# What is being asked
Below this line is a set of entries; quote exactly the lines from the line that contains "Black Textured Background" to the line that contains "A digital nomad", both lines included.
------ Listed records
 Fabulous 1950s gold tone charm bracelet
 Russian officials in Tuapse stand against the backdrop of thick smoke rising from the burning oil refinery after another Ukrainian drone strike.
------------
------ Listed records
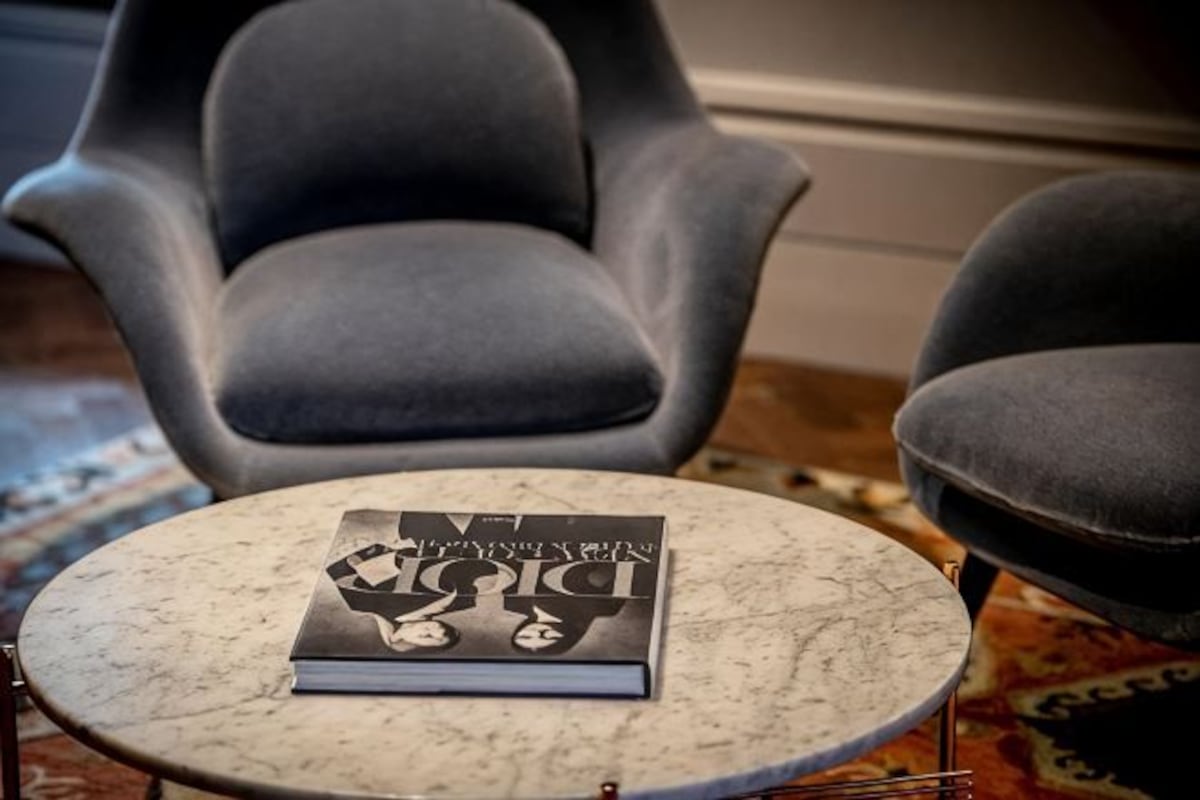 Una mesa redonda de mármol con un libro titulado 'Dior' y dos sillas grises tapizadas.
------------
------ Listed records
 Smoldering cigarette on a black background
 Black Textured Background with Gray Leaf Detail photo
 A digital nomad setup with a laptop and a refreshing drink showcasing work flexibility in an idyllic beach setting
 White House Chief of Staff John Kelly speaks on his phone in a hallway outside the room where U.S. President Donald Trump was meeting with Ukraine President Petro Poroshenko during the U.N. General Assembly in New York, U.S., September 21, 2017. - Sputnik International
------------
# Output for this exercise
 Black Textured Background with Gray Leaf Detail photo
 A digital nomad setup with a laptop and a refreshing drink showcasing work flexibility in an idyllic beach setting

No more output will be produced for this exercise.